Here's how we would write the proof mathematically:
Now let's do the proof in Coq.
Inductive proof of the summation formula
Theorem: for all natural numbers n, sum_to n = n * (n+1) / 2. Proof: by induction on n. P(n) = sum_to n = n * (n+1) / 2 Case: n=0 Show: P(0) = sum_to 0 = 0 * (0+1) / 2 = 0 = 0 * (0+1) / 2 // simplifying sum_to 0 = 0 = 0 // 0 * x = 0 Case: n=k+1 IH: P(k) = sum_to k = k * (k+1) / 2 Show: P(k+1) = sum_to (k+1) = (k+1) * (k+1+1) / 2 = k + 1 + sum_to k = (k+1) * (k+1+1) / 2 // simplifying sum_to (k+1) = k + 1 + k * (k+1) / 2 = (k+1) * (k+1+1) / 2 // using IH = 2 + 3k + k*k = 2 + 3k + k*k // simplifying terms on each side QED
Theorem sum_sq : forall n : nat,
sum_to n = n * (n+1) / 2.
Proof.
intros n.
induction n as [ | k IH].
- trivial.
- simpl. rewrite -> IH.
Abort.
The proof is working fine so far, but now we have a complicated algebraic
equation we need to prove:
Although we could try to prove that manually using the definitions of all the
operators, it would be much nicer to get Coq to find the proof for us. It turns
out that Coq does have great support for finding proofs that involve rings:
algebraic structures that support addition and multiplication operations.

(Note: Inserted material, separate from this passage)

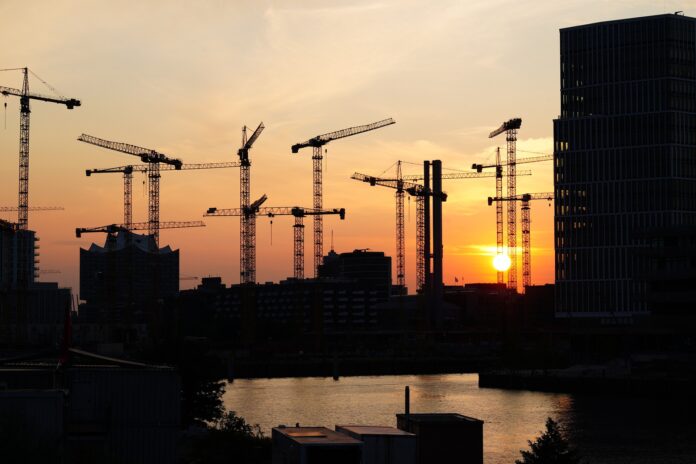 Veduta di un cantiere con le gru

(We'll discuss rings in detail after we finish the current proof.) But we can't
use that automation here, because the equation we want to prove also involves
division, and rings do not support division operations.
To avoid having to reason about division, we could rewrite the theorem we want
to prove: by multiplying both sides by 2, the division goes away:
S (k + k * (k + 1) / 2) = fst (Nat.divmod (k + 1 + k * S (k + 1)) 1 0 0)(divmod is part of how / is implemented in Coq.)

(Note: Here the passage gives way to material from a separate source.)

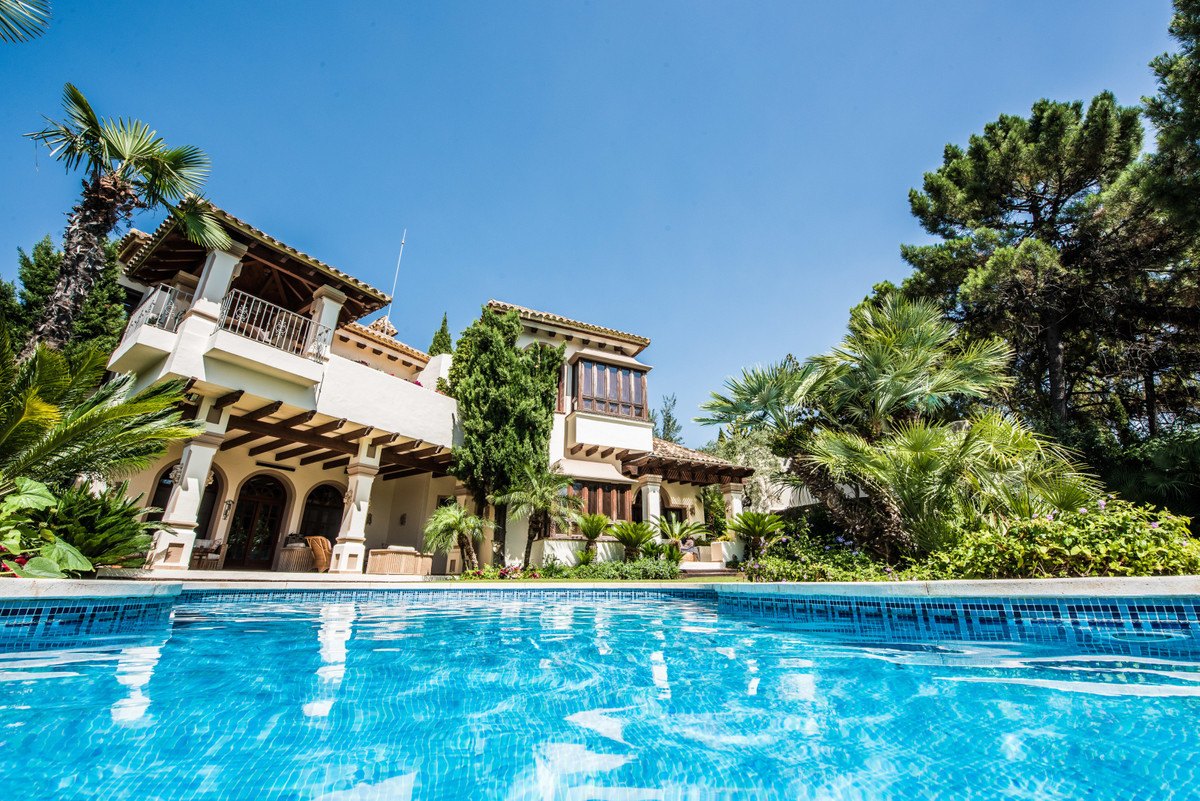 f52416f268e04cef729d5fdae28ad5c7 - 29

Theorem sum_sq_no_div : forall n : nat,
2 * sum_to n = n * (n+1).
Proof.
intros n.
induction n as [ | k IH].
- trivial.
- simpl.
Abort.
Now, after the call to simpl, we don't have any division, but we also
don't have any expressions that look exactly like the left-hand side of the
inductive hypothesis. The problem is that simpl was too agressive in
simplifying all the expressions. All we really want is to transform the
left-hand side of the subgoal, 2 * sum_to (S k), into an expression that
contains the left-hand side of the inductive hypothesis, 2 * sum_to k.
Thinking about the definition of sum_to, we ought to be able to transform 2 *
sum_to (S k) into 2 * (S k + sum_to k), which equals 2 * (S k) + 2 * sum_to
k. That final expression does have the left-hand side of the inductive
hypothesis in it, as desired. Let's factor out that reasoning as a separate
"helper" theorem. In math, helper theorems are usually called lemmas. The
Coq keyword Lemma is synonymous with Theorem.
Lemma sum_helper : forall n : nat,
2 * sum_to (S n) = 2 * (S n) + 2 * sum_to n.
Proof.
intros n. simpl. ring.
Qed.
The proof above simplifies the application of sum_to (S n), then invokes a
new tactic called ring. That tactic is able to automatically search for
proofs of equations involving addition and multiplication of natural numbers.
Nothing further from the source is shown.